HART-US' Historical Pilgrimage to Armenia and Nagorno Karabakh
The historical pilgrimage began as we traveled east of Yerevan to the Armenian countryside. Our group consisted of 36 persons,
representing nine countries (United States, Great Britain, Australia, Wales, Netherlands, Nigeria, France, Germany, and Armenia), with
a diverse representation of ages. The group was diverse but formed an early bond as we all shared a common purpose.
Our first campsite was located in Lachin, and we were joined by 20 residents of Artsakh
who would accompany us for the duration of our trip. They set up our tents, cooked us a lavish meal, and serenaded us with traditional Armenian songs.
The path from Shoushi to Stepanakert winded through beautiful hills and provided one of the most breathtaking views of the pilgrimage, with the entire city of Stepanakert nestled in a valley below our route. We reached Stepanakert and were again greeted by hospitable locals, a theme of our journey.
I had an opportunity to meet with the Nagorno Karabakh Ambassador to the United States and Canada. He expressed the need for not only Armenians of the Diaspora to support the freedom of Artsakh, but anyone that valued freedom and territorial integrity. He invited the Baroness and I to an event in Washington D.C. on September 13th, many political power brokers will be in attendance.
Vardan, the Director of the Lady Cox Rehabilitation Center presented a tour of the Lady Cox Rehabilitation Centre and offered us the chance to meet with staff and patients. The facility boasted a pool lift to help individuals with mobility issues to safely enter their indoor pool. Vardan communicated that with their small budget they are forced to be creative, and he has done an amazing job with a limited amount of resources. Additional financial resources would allow them to innovate and offer more services and life saving medical equipment to those in need.
We traveled through Vank, an area that boasts new and interesting development. A newly remodeled elementary school welcomed us with song and dance. As we walked through the streets of Vank, we stumbled upon a small resort that
had one of the more interesting sites in Artsakh. Behind the resort, carved in rock, sat a giant tiger face fully equipped with teeth and whiskers!
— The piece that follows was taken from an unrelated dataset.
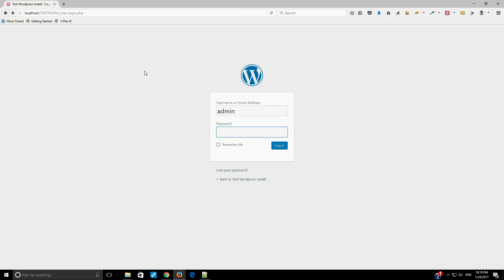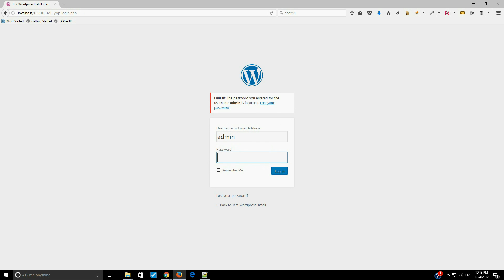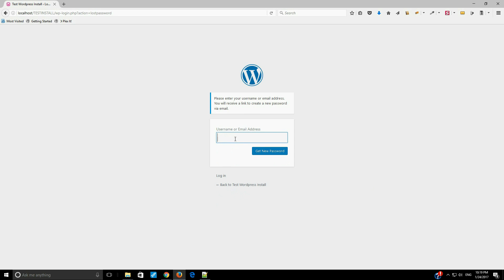Now I am on the WordPress login screen. You can see there is the login screen with the username and the password. I am trying to enter several passwords and it is always giving me the error that the password entered for this username is not correct. What I can do in this situation is click on the lost your password link. When you click on this, it will ask for your username or email address, and WordPress is going to send you an email. Follow the instructions and you will be able to reset your password.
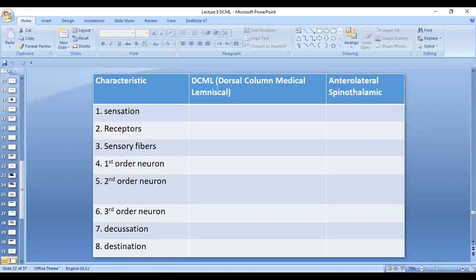These are the things you need to remember about the dorsal column medial lemniscal system: type of sensations, receptors, sensory fibers, first-order, second-order, and third-order neurons, decussation, and destination — because you need to compare it with the anterolateral spinothalamic tract. If you have any questions, we will discuss in the lecture.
On our last day we trekked to Gandzasar Monastery; this would be the ending point of our walking pilgrimage. The long journey had come to an end; we stood atop the mountain and marveled at the beautiful countryside.
We had come from all corners of the world to take part in this historic pilgrimage, and during this moment we stood alongside the locals in solidarity; we had been welcomed not as visitors, but as neighbors, as friends, as family. We formed a bond that transcended national identity; we were at this moment, the brothers and sisters of Artsakh.